New York, June 13, 2026, 14:05 EDT. FINRA fined Merrill Lynch $225,000 after the firm failed to properly report more than 1,600 customer complaints.
- Merrill Lynch, Pierce, Fenner & Smith Inc. was censured by FINRA and hit with a $225,000 fine. The regulator said the firm failed to report some complaints linked to post-call survey comments.
- FINRA said Merrill got over 220,000 written survey responses in a 2023 sample, logged 2,423 complaints, and did not report more than 1,600 complaints.
- FINRA gave Merrill credit for flagging the problem itself, doing a lookback in 2023, fixing the problems it found, and telling the regulator about the complaints.
Merrill Lynch will pay a $225,000 fine and take a censure, according to the Financial Industry Regulatory Authority, after FINRA said the firm did not correctly track or report customer complaints made in call-center surveys. The settlement, under case No. 2024081776401, covers the period from January 2018 to December 2023, with FINRA posting the action as of June 11.
Merrill asked support center callers to fill out post-call surveys with written feedback, according to FINRA, but then did not properly review that feedback for reportable complaints. FINRA said the firm missed its requirement to report complaints every quarter under Rule 4530(d), and also broke rules on supervision and conduct standards.
Merrill got over 220,000 written comments in its 2023 survey responses, the biggest sample in the settlement. The firm reported 2,423 customer complaints from those surveys and sent them to regulators on time. But FINRA said Merrill left out more than 1,600 written complaints from the same group of responses. Most missing complaints were about service problems. Some covered access to money, account info, documentation, technology issues and security lapses.

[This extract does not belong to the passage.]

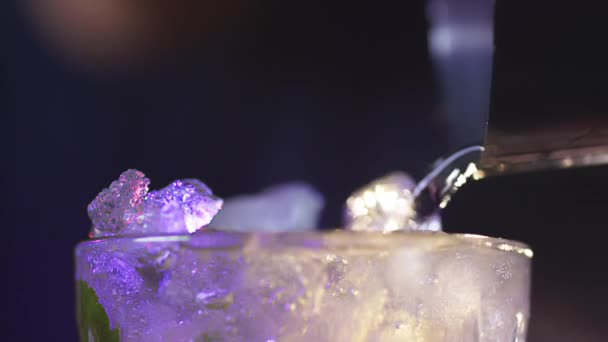 Closeup Shot of Cocktail Drink with Ice Being Filled Up — Stock Video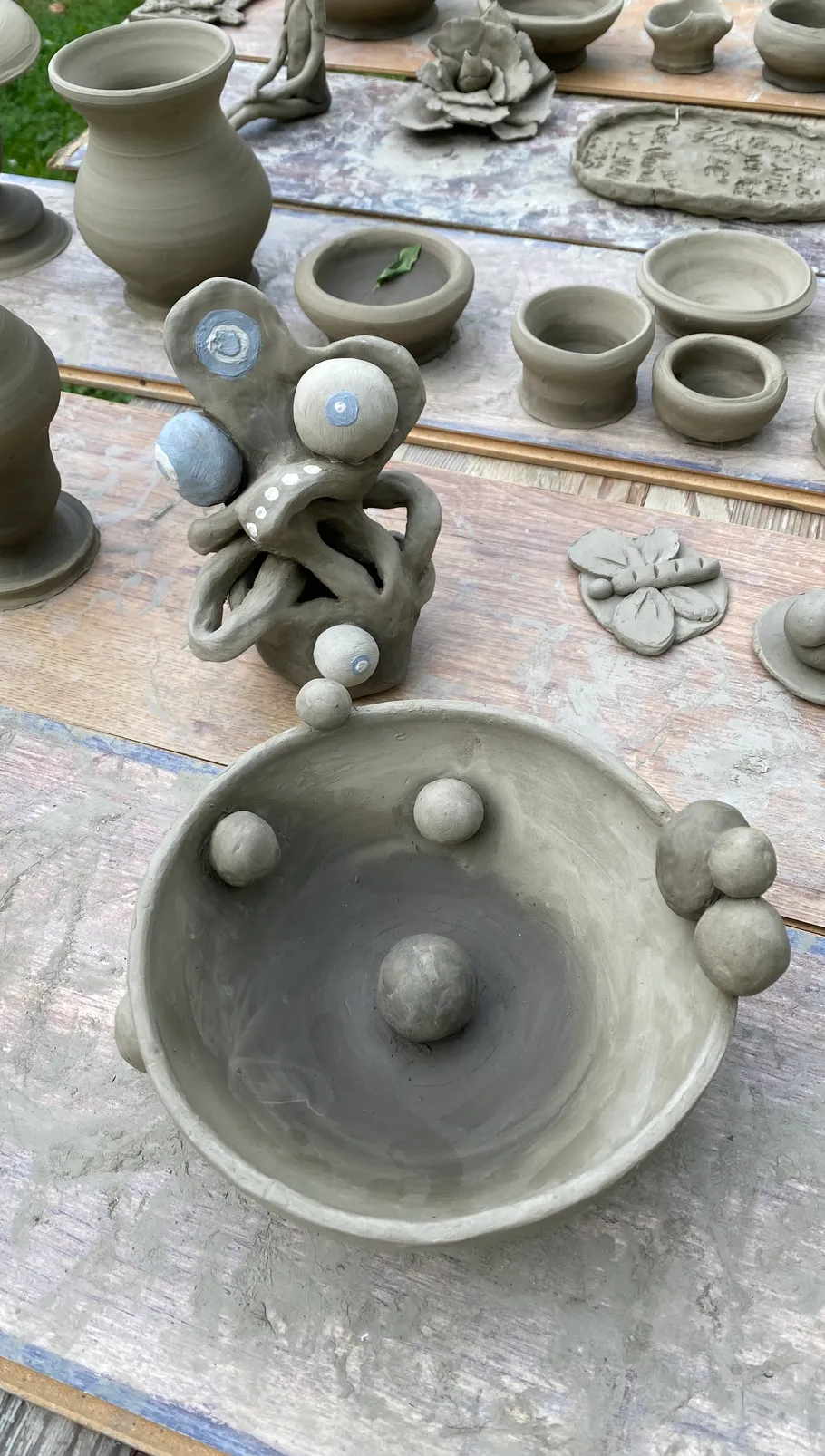 Clay sculptures and pots on wooden table.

FINRA linked the failure back to Merrill’s oversight process. The firm had a lexicon of search terms to catch survey responses, but FINRA said it was made for consumer banking, not Merrill’s usual broker-dealer review. According to the settlement, over 85% of unreported customer complaints from 2023 survey responses did not get flagged as potential complaints.
FINRA relies on customer-complaint data to help spot and open probes into firms, individual reps and others who could threaten investors. Under FINRA Rule 4530(d), member firms have to file summary stats about written customer complaints by the 15th day after the end of the quarter when the firm got the complaint.
Merrill agreed to settle but did not admit or deny FINRA’s findings. The case started after Merrill self-disclosed in April 2024, according to FINRA. The regulator noted Merrill itself found the problem, reviewed 2023 survey responses from the past year, fixed the complaints it found and told FINRA about those. Merrill shut down the written-commentary field in its customer surveys back in January 2024.
Merrill Lynch, Pierce, Fenner & Smith, which FINRA lists as being based in New York, has over 27,500 registered reps and runs more than 4,000 branches, according to details in the settlement. Merrill calls itself a registered broker-dealer and investment adviser in its disclosures, and is fully owned by Bank of America Corp.